Paul Capetz, a seminary professor, asked to be removed from ministry in 2000 after the PCUSA voted to require that ministers be married to a member of the opposite sex or remain celibate.
But changes made in 2006 to the Presbyterians’ Book of Order allow candidates for ordination to declare a conscientious objection to church rules. Local presbyteries, or governing bodies, then must decide whether the objection “constitutes a failure to adhere to the essentials of Reformed faith and polity.”
On Saturday (Jan. 26), the Presbytery of the Twin Cities voted that Capetz’ objection, or “scruple,” did not violate the “essentials” and restored his ordination as a minister of word and sacrament.
Earlier this month, the Presbytery of San Francisco became the first to test the “scruple” policy when it voted to allow Lisa Larges, a lesbian, to continue on her path to ministry. A number of obstacles, including an appeal of the presbytery’s action in church courts, still stands between Larges and ordination, however.

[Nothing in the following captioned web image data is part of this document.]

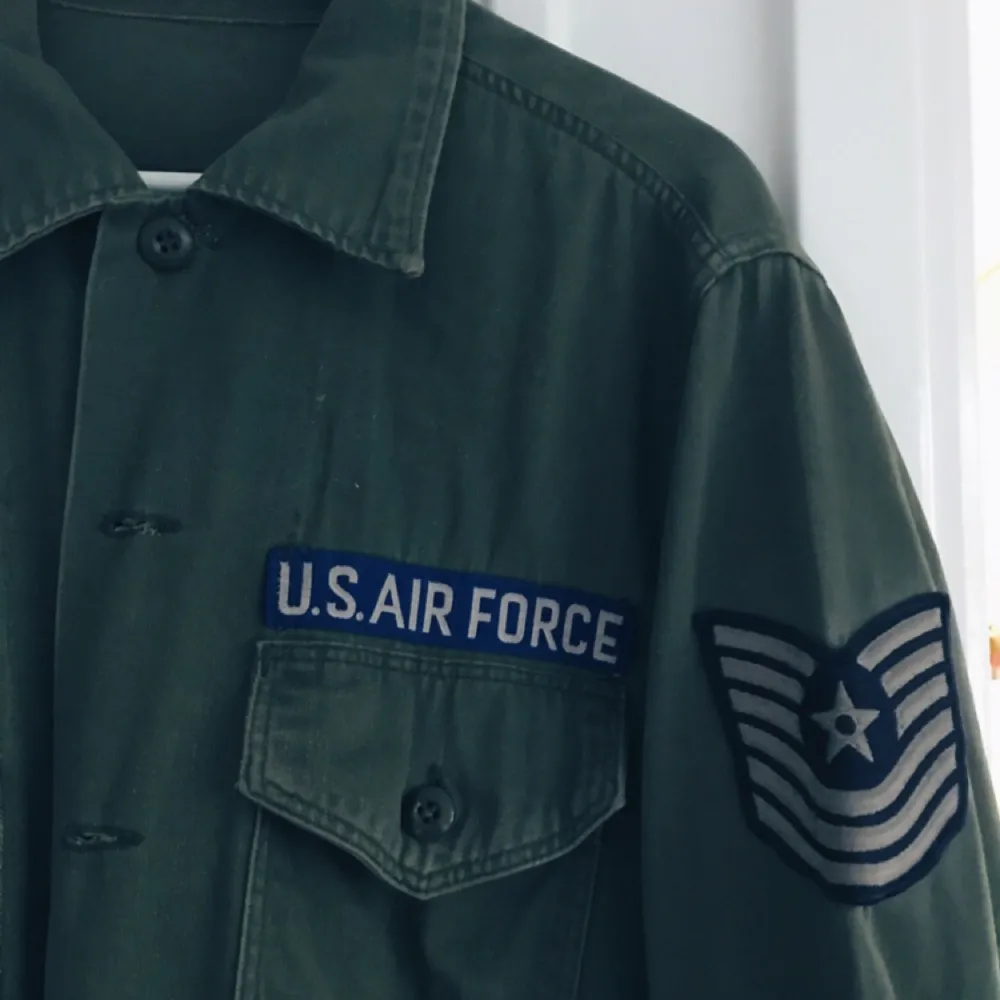 US Air Force jacka, köpt på vintagebutik i London. Möts upp i Sthlm eller fraktar mot fraktkostnad. . Jackor.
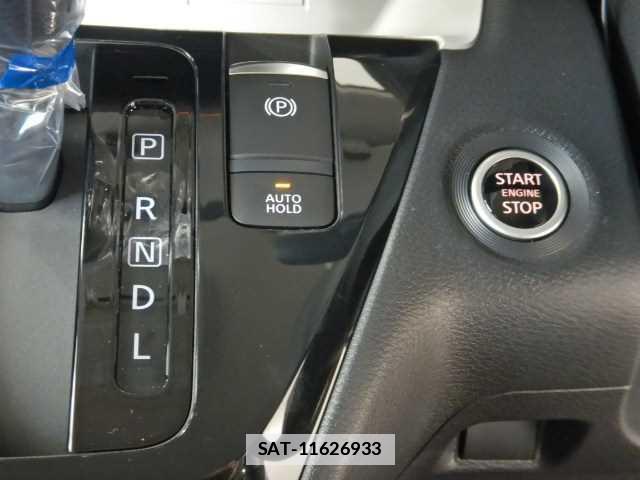 Mitsubishi DELICA MINI 2025-06 7810911-9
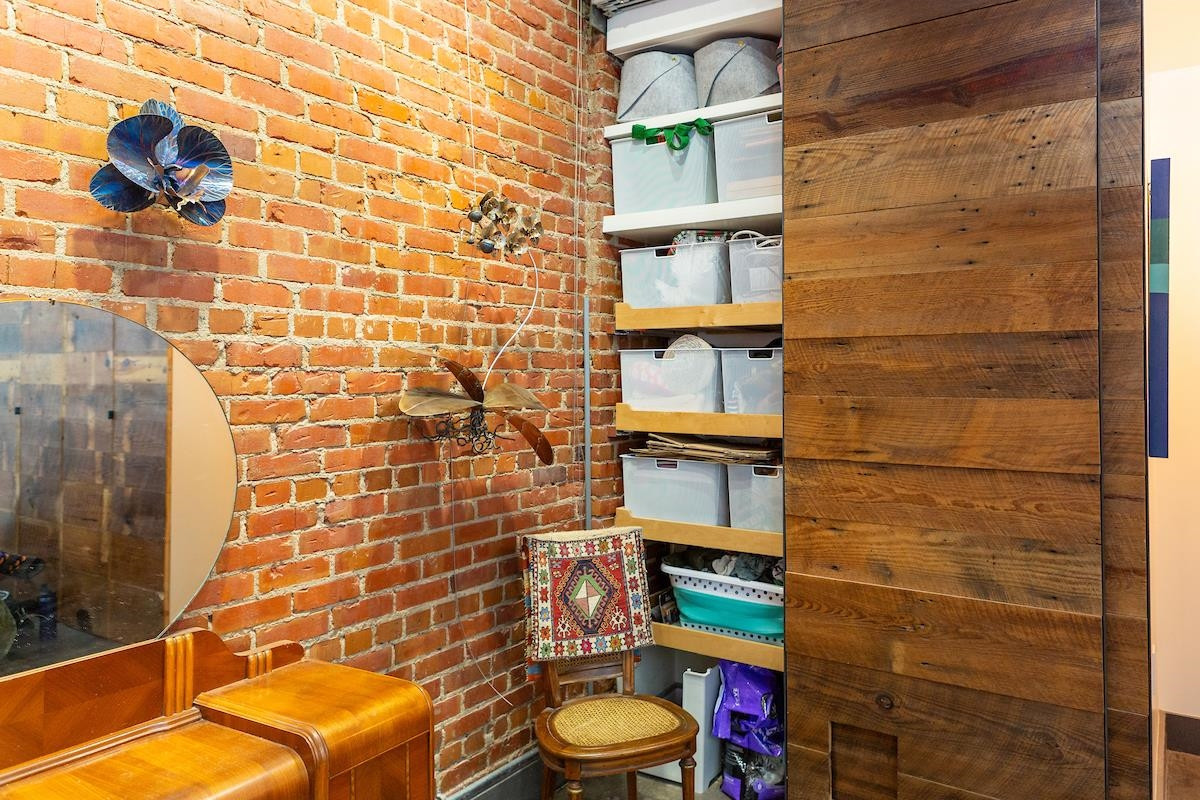 208 Rigsbee Avenue # 207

An openly gay Wisconsin man is also in the beginning stages of seeking ordination.
Capetz told the Minnesota presbytery that he would follow the pastoral guidelines on sex if the church allowed gay and lesbian couples to marry, saying “if that were the case, I would have no difficulty abiding by the standard of chastity in singles and fidelity and marriage.”
A minority report by the presbytery — 197 voted to allow the re-ordination, 79 did not — said that the decision “essentially allows the will of the (presbytery) to supersede the constitution of the Presbyterian Church (USA).”
“Furthermore, we are uncomfortable with the hermeneutical or interpretive gymnastics required to provide biblical sanction for sexually intimate same-sex relations,” the minority report added.